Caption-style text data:
++++++

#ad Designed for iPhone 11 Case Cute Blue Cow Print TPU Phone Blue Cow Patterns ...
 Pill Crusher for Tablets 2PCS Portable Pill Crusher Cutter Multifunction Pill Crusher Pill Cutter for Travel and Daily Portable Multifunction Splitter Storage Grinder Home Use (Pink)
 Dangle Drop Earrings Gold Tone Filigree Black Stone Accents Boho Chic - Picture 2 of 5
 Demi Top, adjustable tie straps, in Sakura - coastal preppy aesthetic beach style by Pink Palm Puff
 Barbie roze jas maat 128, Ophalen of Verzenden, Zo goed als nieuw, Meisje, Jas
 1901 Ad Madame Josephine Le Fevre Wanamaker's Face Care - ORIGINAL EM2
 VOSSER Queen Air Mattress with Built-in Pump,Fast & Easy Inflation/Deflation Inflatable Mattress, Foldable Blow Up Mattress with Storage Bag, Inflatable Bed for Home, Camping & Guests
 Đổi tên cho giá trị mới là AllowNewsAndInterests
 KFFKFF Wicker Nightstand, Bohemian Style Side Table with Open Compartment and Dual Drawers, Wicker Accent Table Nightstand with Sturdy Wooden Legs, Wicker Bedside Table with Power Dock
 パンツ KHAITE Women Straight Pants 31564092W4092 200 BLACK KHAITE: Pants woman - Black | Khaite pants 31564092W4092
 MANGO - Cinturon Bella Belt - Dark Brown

++++++

### [EXERCISE INSTRUCTIONS]
Copy exactly the lines that run from the first line of the data to the line containing "Demi Top, adjustable", please, with both ends included and nothing else.

### [RESPONSE AREA]
#ad Designed for iPhone 11 Case Cute Blue Cow Print TPU Phone Blue Cow Patterns ...
 Pill Crusher for Tablets 2PCS Portable Pill Crusher Cutter Multifunction Pill Crusher Pill Cutter for Travel and Daily Portable Multifunction Splitter Storage Grinder Home Use (Pink)
 Dangle Drop Earrings Gold Tone Filigree Black Stone Accents Boho Chic - Picture 2 of 5
 Demi Top, adjustable tie straps, in Sakura - coastal preppy aesthetic beach style by Pink Palm Puff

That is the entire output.